Sennett is a California boy through and through, and Sun, Sun, Sun—from title to instrumentation—is a California album: bright and dreamy, dramatic and brokenhearted. The ghosts obey the geography; listeners hear echoes of Neil Young holed up in canyon country, of Gram Parsons laying the framework for alt-country, and of Elliott Smith singing his demons away in a little studio in Silverlake.

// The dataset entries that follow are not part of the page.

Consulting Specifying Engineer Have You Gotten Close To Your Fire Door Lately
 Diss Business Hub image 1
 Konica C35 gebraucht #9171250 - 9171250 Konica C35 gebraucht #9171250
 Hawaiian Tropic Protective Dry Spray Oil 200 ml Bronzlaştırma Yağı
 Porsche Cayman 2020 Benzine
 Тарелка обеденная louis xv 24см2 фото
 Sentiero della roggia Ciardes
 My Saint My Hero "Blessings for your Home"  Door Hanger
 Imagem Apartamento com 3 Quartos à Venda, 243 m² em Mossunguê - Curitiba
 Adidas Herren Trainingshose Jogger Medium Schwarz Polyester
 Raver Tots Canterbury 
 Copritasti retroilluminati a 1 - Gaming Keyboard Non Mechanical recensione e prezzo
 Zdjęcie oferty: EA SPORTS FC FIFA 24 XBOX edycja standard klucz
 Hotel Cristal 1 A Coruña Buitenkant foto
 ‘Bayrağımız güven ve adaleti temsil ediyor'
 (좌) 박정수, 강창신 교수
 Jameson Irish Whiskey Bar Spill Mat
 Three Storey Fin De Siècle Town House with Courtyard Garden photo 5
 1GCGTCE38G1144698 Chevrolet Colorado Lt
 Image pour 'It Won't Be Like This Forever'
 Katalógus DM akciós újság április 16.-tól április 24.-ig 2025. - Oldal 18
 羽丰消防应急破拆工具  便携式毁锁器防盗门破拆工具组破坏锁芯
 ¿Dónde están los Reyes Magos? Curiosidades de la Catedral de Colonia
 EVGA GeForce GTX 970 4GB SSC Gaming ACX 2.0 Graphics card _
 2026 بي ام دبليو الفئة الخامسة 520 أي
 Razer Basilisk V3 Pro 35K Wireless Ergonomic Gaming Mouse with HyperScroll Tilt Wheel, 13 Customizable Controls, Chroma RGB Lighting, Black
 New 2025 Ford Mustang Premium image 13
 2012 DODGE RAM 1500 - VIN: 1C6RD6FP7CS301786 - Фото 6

Yes, The Elected lay it on a little thick at times; according to the lyrics, Sennett is like a bird with a broken wing, a firefly in a steel mill, a newly trimmed tree, and a spider—and his lover is a rainbow and her smile is an ocean. But the nature talk is generally redeemed by the conviction within—and, more importantly, a sense of songwriting adventure that provides for bigger crescendos, deeper layers, and a reliable blast of volume whenever you think things might fizzle out. This is best emphasized on “Biggest Star,” which goes along humbly and pleasantly and soulfully for five minutes before building—and building and building—into the sort of raw-nerve finale that is usually specific to live shows.